• Task details
Below is a listing; retype exactly the line with "Noodle logo ontwerp" and every line after it through the end, and only those, leaving out the pictures.

• Material for this exercise
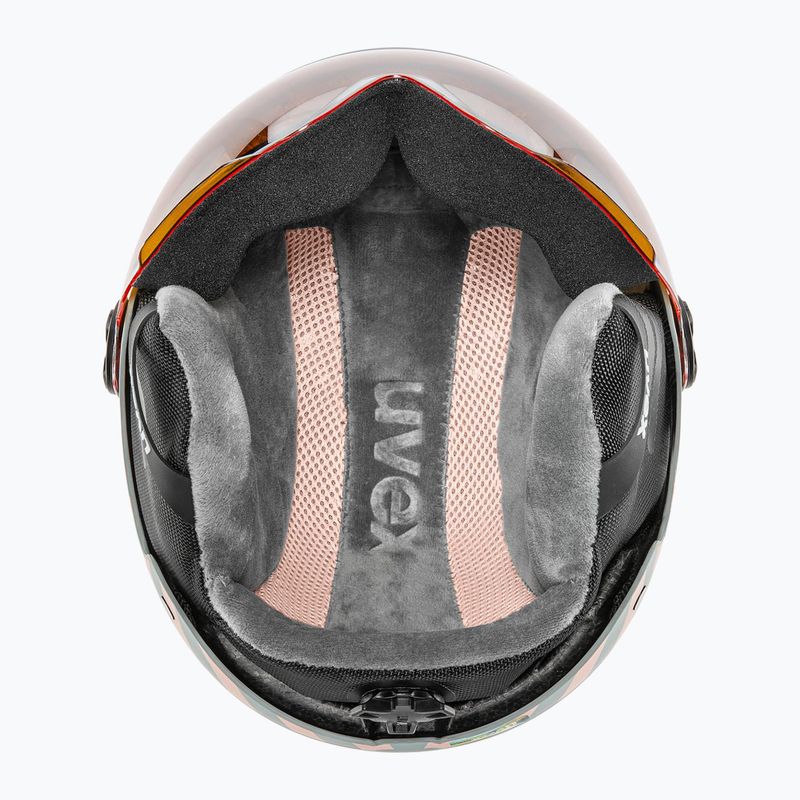 Детска ски каска UVEX Rocket Visor Jr rhino/blush matt/mirror silver/lasergold lite 4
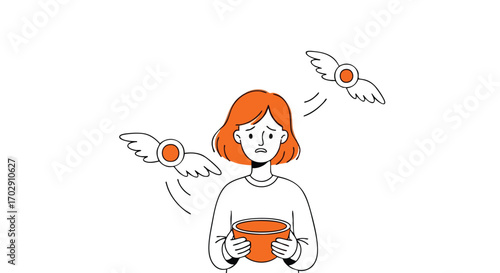Worried woman holding empty bowl with flying orange circles and wings above her head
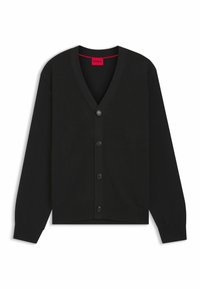 Svart cardigan i ribbad textur med V-ringning, som har knäppning fram och helfärgade muddar. Logotypdetalj på nedre sidan.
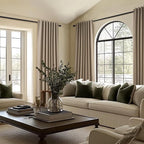 Topfinel 105 Inches Long Custom Black Out Faux Thick Linen Drapery Panels - Image 2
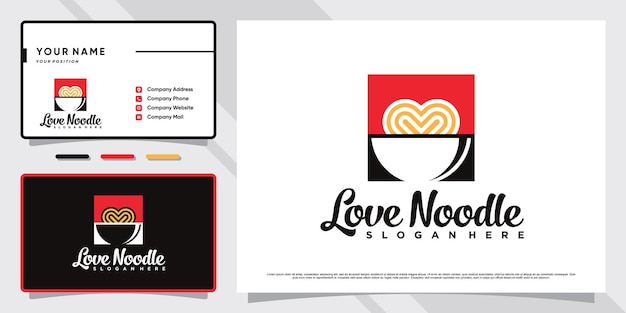 Noodle logo ontwerp illustratie met kom pictogram en visitekaartje sjabloon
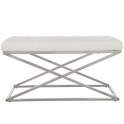 Banqueta Descalzadora Moderna Acero Tapizado Blanco Altasser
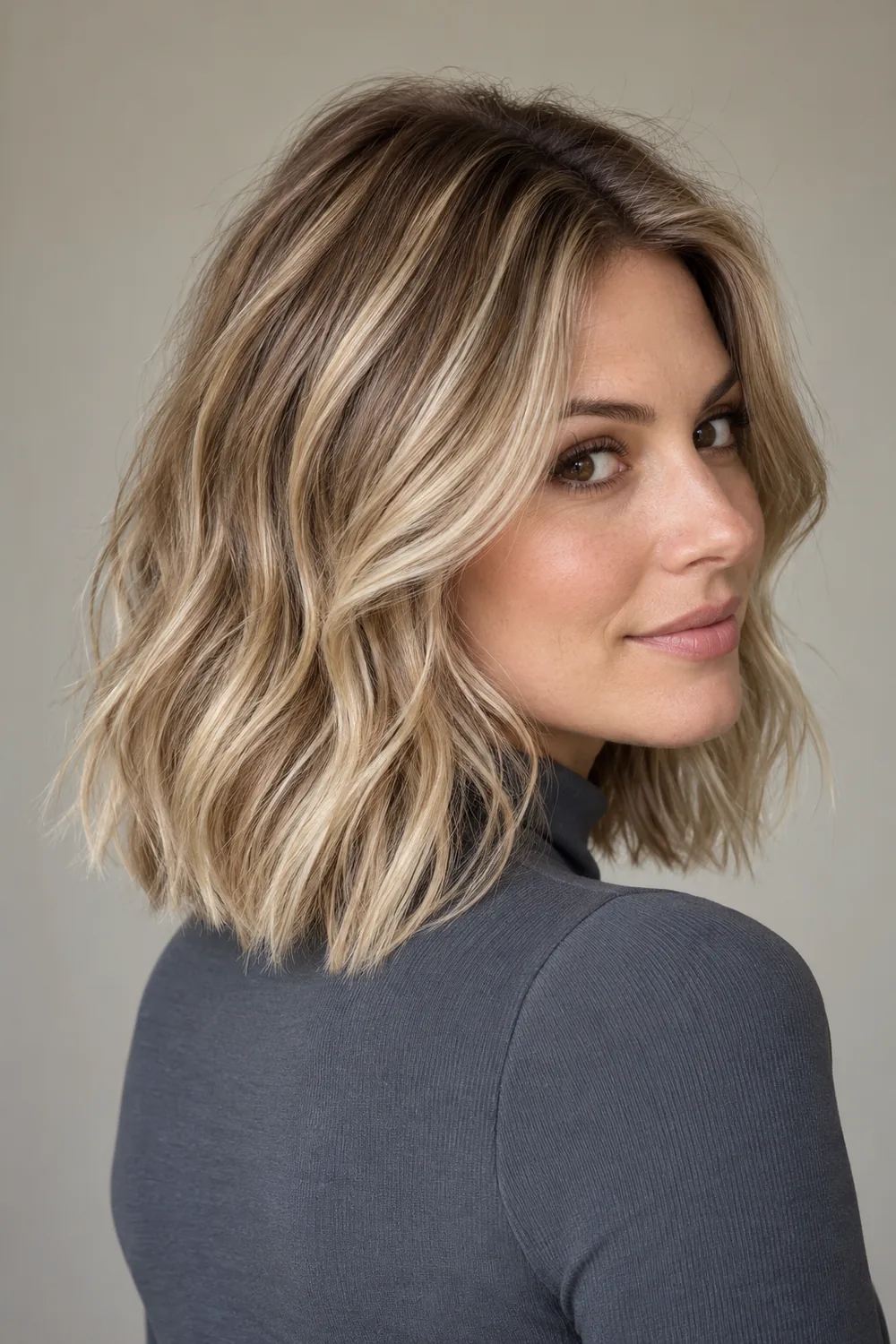 A woman in a slate high-neck top, shown in three-quarter view with a shoulder-length sandy blonde lob, darker roots, and diagonal beige ribbons.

• Answer area
 Noodle logo ontwerp illustratie met kom pictogram en visitekaartje sjabloon
 Banqueta Descalzadora Moderna Acero Tapizado Blanco Altasser
 A woman in a slate high-neck top, shown in three-quarter view with a shoulder-length sandy blonde lob, darker roots, and diagonal beige ribbons.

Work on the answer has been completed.